Short web captions
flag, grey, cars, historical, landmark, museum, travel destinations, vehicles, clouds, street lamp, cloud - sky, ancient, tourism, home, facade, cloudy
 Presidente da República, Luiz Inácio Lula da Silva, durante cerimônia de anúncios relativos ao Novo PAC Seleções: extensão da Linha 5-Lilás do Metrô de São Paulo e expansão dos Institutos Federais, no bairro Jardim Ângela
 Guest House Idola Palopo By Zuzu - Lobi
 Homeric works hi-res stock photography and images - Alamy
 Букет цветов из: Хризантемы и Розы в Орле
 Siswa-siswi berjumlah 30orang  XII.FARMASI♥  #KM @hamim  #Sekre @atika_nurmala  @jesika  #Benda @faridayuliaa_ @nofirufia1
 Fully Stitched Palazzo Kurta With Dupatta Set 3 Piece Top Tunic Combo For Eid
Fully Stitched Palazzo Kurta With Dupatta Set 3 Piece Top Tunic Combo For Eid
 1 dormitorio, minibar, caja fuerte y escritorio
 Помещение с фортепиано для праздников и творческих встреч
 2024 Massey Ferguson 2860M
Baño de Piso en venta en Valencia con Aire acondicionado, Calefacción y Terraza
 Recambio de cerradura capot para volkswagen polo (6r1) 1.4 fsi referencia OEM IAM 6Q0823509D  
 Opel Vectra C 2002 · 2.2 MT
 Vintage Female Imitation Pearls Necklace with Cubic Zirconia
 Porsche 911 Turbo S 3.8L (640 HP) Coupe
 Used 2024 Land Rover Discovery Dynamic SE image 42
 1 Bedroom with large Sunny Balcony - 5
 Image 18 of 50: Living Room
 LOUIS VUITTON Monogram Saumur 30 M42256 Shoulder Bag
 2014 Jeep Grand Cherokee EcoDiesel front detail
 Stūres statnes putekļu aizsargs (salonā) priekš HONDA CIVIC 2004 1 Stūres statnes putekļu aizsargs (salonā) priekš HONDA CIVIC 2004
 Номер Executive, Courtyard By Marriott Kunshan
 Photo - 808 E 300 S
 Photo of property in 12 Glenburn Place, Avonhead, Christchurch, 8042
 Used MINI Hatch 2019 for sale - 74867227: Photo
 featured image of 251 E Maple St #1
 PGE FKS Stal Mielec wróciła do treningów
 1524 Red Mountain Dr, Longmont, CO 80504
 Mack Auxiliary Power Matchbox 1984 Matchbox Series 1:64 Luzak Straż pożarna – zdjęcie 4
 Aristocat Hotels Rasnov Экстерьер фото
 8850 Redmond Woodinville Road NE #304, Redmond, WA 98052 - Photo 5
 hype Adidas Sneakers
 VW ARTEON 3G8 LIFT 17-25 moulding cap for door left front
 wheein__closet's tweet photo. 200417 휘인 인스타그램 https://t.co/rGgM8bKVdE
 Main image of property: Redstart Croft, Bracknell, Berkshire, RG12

WHAT IS NEEDED
Copy each line from the records above that includes the string "Combo".

SOLUTION
 Fully Stitched Palazzo Kurta With Dupatta Set 3 Piece Top Tunic Combo For Eid
Fully Stitched Palazzo Kurta With Dupatta Set 3 Piece Top Tunic Combo For Eid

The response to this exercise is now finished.